EXERCISE INSTRUCTIONS |
Copy the closing run of lines, from the one with "this 739×493 image." through the last line of the listing, exactly and without any pictures.

------------------------------------

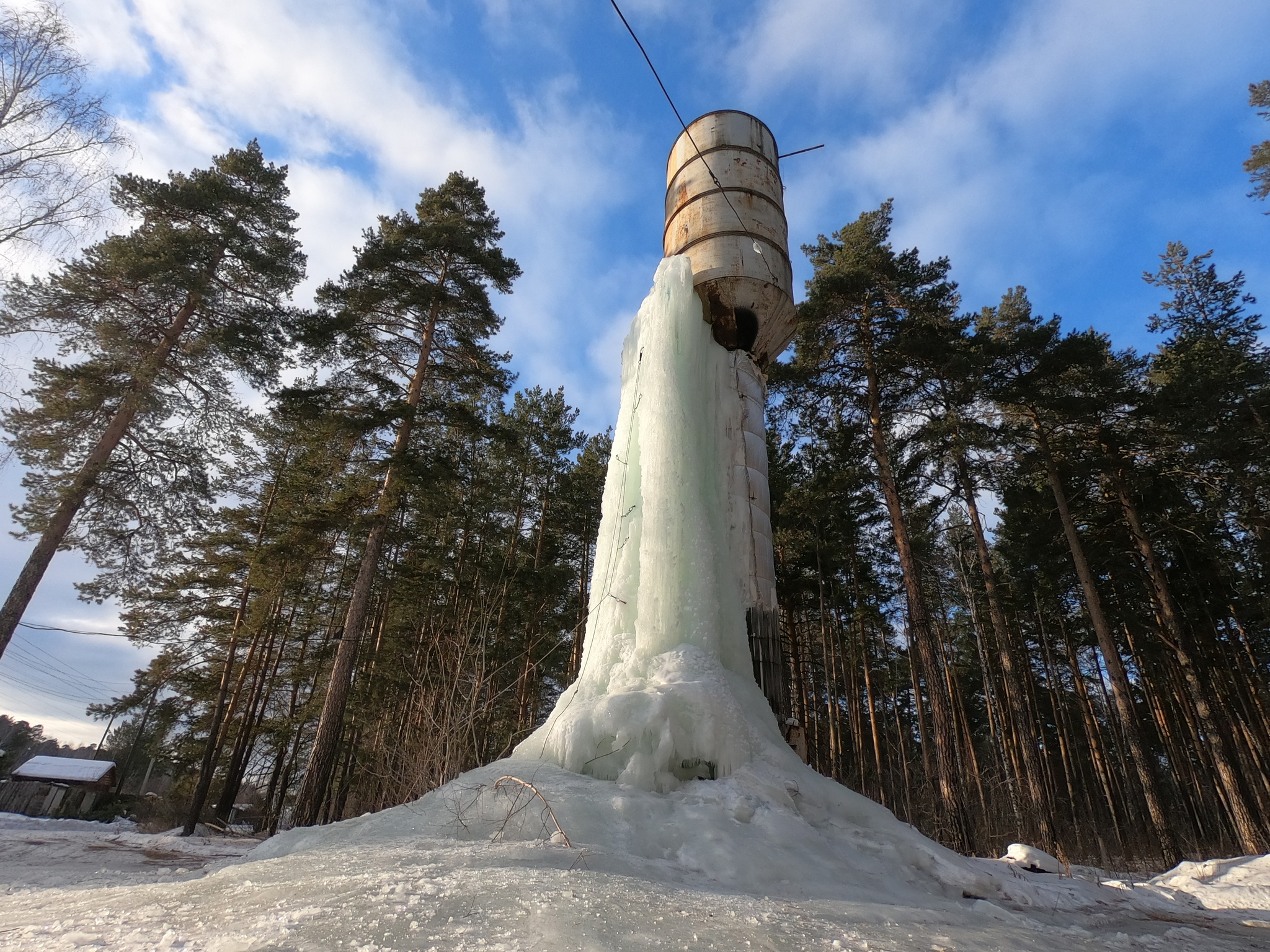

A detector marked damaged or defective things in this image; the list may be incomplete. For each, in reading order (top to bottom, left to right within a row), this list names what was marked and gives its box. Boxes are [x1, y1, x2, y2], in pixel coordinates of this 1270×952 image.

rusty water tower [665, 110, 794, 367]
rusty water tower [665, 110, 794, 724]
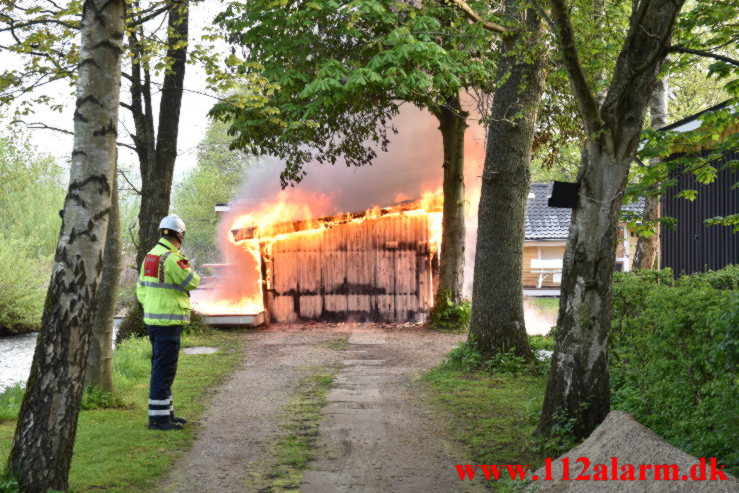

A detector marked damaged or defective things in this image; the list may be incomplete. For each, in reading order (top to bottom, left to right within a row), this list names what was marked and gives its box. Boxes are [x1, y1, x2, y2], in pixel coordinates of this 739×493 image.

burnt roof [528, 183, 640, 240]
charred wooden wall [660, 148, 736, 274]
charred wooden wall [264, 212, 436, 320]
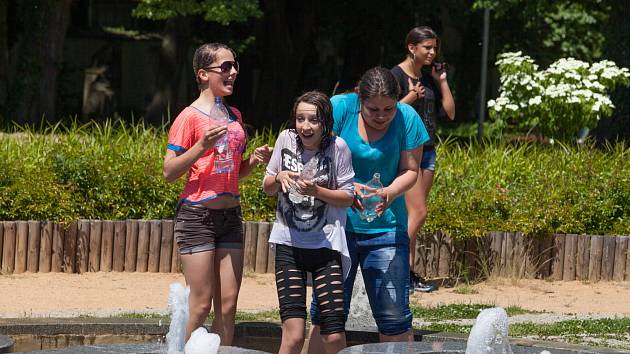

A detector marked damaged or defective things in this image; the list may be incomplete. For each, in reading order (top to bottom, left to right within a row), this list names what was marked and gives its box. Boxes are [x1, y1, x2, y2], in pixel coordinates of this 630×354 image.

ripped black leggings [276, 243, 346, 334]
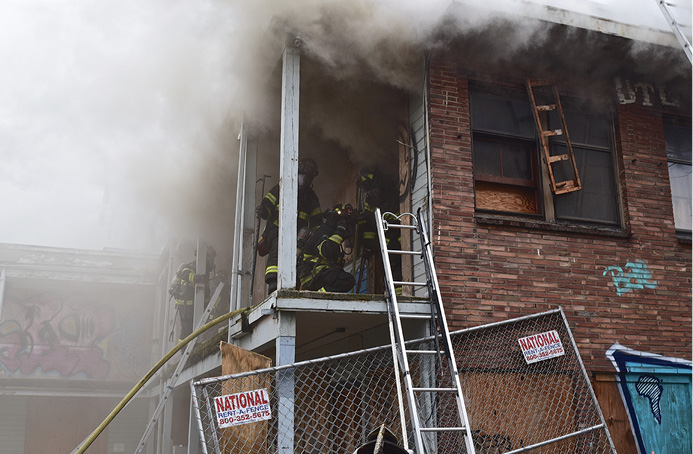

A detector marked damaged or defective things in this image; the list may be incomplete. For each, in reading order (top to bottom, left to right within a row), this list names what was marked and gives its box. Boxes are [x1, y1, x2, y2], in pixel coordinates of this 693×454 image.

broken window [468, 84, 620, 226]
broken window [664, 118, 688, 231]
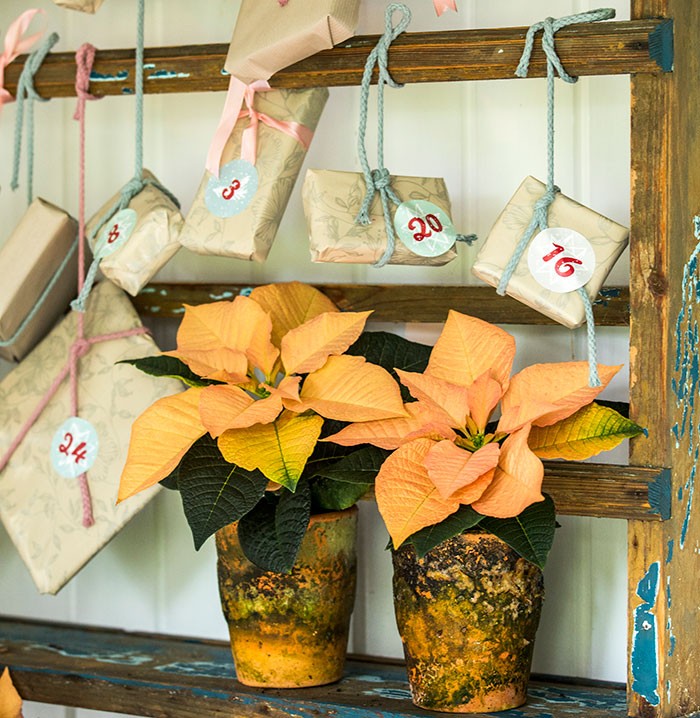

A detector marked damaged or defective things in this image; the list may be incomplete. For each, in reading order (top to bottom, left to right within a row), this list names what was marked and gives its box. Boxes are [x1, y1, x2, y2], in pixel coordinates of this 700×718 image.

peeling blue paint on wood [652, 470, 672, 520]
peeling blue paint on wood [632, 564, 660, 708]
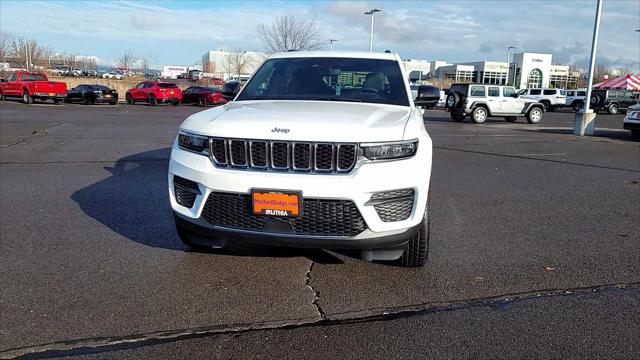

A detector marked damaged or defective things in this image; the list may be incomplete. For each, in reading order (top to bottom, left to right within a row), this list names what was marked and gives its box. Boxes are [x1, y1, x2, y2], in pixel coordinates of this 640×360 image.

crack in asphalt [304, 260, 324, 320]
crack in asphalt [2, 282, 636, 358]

------------------------------------

ANSWER SPACE |
A detector marked damaged or defective things in this image; the list may be incomplete. For each, in reading order (top to bottom, left to right within a row), this list names what was marked and gives its box. Boxes are [x1, y1, x2, y2], in pixel coordinates of this 739×493 image.

burnt roof [528, 183, 640, 240]
charred wooden wall [660, 148, 736, 274]
charred wooden wall [264, 212, 436, 320]

A detector marked damaged or defective things in this image; the list may be incomplete. For each, in reading order (top to bottom, left to right within a row), this list names what was marked and gives its box. Boxes are [x1, y1, x2, y2], in pixel coordinates of this 630×354 image.

ripped black leggings [276, 243, 346, 334]

A detector marked damaged or defective things in this image; the list may be incomplete. For each, in reading order (top to bottom, left to right within a row), this list names what was marked and gives its box. Boxes are [x1, y1, x2, y2], in pixel coordinates of this 693×454 image.

broken window [468, 84, 620, 226]
broken window [664, 118, 688, 231]

A detector marked damaged or defective things in this image; the list may be incomplete. For each, in reading order (top to bottom, left to right within a row), this list names what was marked and gives its box. Boxes are [x1, y1, x2, y2], in pixel coordinates of this 700×718 image.

peeling blue paint on wood [652, 470, 672, 520]
peeling blue paint on wood [632, 564, 660, 708]

A detector marked damaged or defective things in this image; the list may be incomplete. For each, in reading order (top to bottom, left to right within a row), this list names what was marked and gives its box. Boxes are [x1, y1, x2, y2], in pixel coordinates of this 640×360 image.

crack in asphalt [304, 260, 324, 320]
crack in asphalt [2, 282, 636, 358]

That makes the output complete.